7 Exercises that Can Improve Your Self-Esteem
A mountain of research has linked exercise to increased self-esteem. Read on to learn which activities can help boost your mental well-being, while helping to improve your physical health.
Running: According to a study out of Boston College, female runners tend to have significantly higher levels of self-esteem compared to women who do not run. The same study also found that runners have a more empowered sense of self, while experiencing much higher levels of overall happiness. Interestingly, runners maintain these advantages over both non-athletic women and athletic women who participate in activities that do not involve running.
Walking: If you're not a big fan of running, take heart. Research also indicates that you may be able to boost your self-esteem by taking regular walks . To get optimal benefits, however, studies suggest it's best to walk in natural environments. In fact, outdoor walks have been shown to significantly improve self-esteem and well-being, compared to indoor walks. If you have been struggling to feel good about yourself or your life, consider taking regular walks in the park or around your neighborhood.
Resistance training: Studies have linked strength training to a myriad of health benefits, including improved cardiovascular health, enhanced body composition, lower blood pressure, healthier insulin sensitivity and a lower risk of mortality. Researchers have also shown that weight lifting and other types of strength training can ease anxiety, improve sleep, boost cognitive function, reduce depression and increase self-esteem.
Gardening: According to a study appearing in the Journal of Public Health, gardening can have a positive impact on your mental well-being . After surveying 270 gardeners and non-gardeners, researchers found that the act of gardening appears to calm anger, reduce depression and boost self-esteem. What's more, you only have to spend 30 minutes a week in your garden to gain these benefits. Even if you don't have much of a green thumb, you can still start a small garden and fill it with hearty, easy-to-grow plants, such as marigolds, sunflowers, pansies, zinnia, tomatoes, cucumbers, carrots or radishes.

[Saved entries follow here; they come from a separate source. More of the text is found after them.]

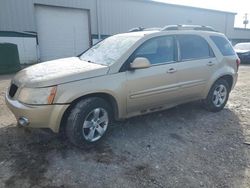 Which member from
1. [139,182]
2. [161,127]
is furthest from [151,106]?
[139,182]

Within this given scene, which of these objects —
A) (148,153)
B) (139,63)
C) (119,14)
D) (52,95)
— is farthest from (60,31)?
(148,153)

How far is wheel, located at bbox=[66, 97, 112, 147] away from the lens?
3516 mm

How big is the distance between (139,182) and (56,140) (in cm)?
166

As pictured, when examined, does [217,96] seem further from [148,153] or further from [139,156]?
[139,156]

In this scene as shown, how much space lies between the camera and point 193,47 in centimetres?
500

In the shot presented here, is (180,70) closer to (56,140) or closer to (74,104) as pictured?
(74,104)

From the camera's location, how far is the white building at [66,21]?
1442 cm

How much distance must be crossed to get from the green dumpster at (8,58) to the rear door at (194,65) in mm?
8791

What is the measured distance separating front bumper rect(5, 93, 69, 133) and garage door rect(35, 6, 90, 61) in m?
12.9

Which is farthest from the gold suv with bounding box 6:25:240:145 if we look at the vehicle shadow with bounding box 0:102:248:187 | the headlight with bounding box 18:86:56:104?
the vehicle shadow with bounding box 0:102:248:187

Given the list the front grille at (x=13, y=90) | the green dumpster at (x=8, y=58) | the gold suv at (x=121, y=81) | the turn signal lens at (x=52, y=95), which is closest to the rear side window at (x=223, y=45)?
the gold suv at (x=121, y=81)

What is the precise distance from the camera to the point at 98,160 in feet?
11.5

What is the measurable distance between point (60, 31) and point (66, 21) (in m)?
0.80

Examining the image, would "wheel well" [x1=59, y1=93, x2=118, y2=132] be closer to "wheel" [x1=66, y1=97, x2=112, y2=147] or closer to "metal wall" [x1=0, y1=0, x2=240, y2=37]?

Mindfulness meditation: You may not regard meditation as an activity; however, it has been shown to provide many of the same benefits as exercise . What's more, researchers have shown that mindful meditation can improve self-esteem while reducing anxiety related to negative self-image. If you aren't sure how to practice mindful meditation, simply spend ten to 15 minutes focusing on your breathing and senses. Try your best to stay in the moment without letting your mind ruminate about deadlines, problems or responsibilities.

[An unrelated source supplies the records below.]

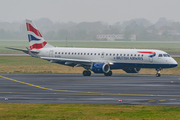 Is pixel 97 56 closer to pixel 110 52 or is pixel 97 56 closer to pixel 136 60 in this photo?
pixel 110 52

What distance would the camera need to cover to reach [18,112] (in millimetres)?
21281

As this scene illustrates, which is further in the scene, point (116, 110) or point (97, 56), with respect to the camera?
point (97, 56)

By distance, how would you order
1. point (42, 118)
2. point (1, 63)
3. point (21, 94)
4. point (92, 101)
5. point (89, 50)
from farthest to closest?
1. point (1, 63)
2. point (89, 50)
3. point (21, 94)
4. point (92, 101)
5. point (42, 118)

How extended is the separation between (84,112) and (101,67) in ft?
93.6

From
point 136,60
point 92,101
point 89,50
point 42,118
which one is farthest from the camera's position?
point 89,50

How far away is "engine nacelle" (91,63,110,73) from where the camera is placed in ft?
163

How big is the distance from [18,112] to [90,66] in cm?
3104

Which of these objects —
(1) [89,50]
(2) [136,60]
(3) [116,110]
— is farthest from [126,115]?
(1) [89,50]

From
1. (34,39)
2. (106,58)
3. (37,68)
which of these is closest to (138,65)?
(106,58)

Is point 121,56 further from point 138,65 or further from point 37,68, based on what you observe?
point 37,68

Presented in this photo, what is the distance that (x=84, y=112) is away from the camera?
69.9ft

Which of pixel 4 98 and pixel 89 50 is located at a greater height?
pixel 89 50

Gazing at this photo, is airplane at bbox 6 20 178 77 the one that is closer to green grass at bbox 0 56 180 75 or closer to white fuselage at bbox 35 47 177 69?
white fuselage at bbox 35 47 177 69

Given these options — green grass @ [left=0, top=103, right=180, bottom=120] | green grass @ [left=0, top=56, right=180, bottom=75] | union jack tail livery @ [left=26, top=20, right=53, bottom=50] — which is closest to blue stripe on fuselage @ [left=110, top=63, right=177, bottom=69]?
green grass @ [left=0, top=56, right=180, bottom=75] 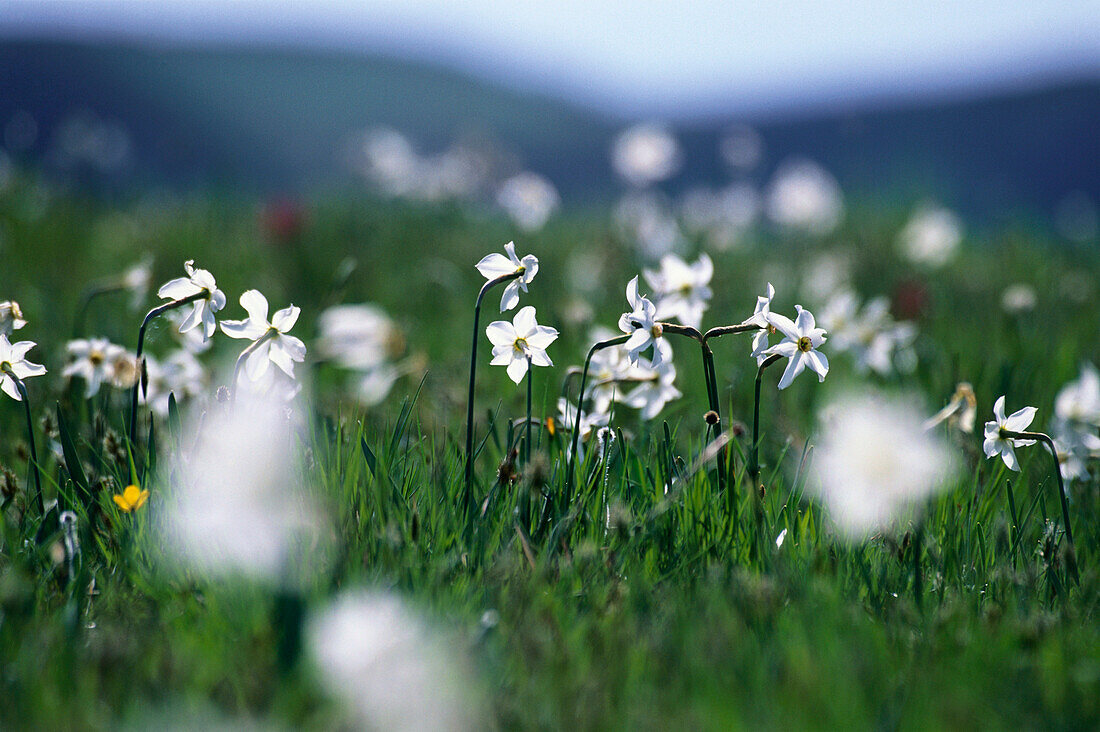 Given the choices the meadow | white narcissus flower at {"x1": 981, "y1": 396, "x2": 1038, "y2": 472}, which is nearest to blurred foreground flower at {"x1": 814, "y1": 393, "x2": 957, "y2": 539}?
the meadow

Skiing: In case you needed another reason to hit the slopes, researchers have linked skiing and snowboarding to improved mental well-being. According to at least one study, these activities can elevate self-esteem and strengthen social bonds. If you're not much of a skier, researchers say you can gain the same benefits by participating in sports that allow you to get active while engaging with other people.

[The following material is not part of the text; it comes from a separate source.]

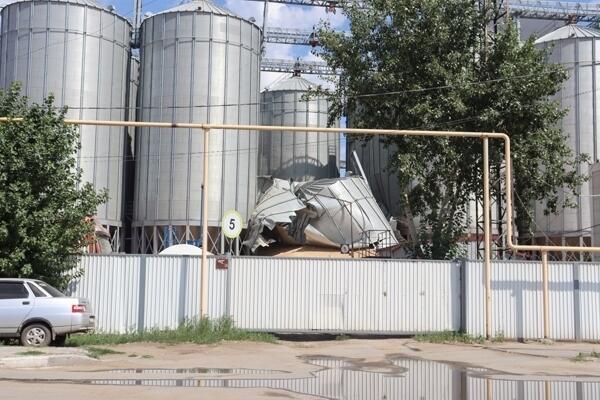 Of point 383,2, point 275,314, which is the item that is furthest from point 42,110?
point 383,2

Swimming: A great exercise for people who have joint pain or physical limitations, swimming provides a number of health benefits in a low-impact setting. Research has also shown that swimming provides mood-elevating benefits that can improve the way you feel about yourself and life in general. You can even boost the positive effects by swimming with friends or by joining a water aerobics class that allows you to interact with other people.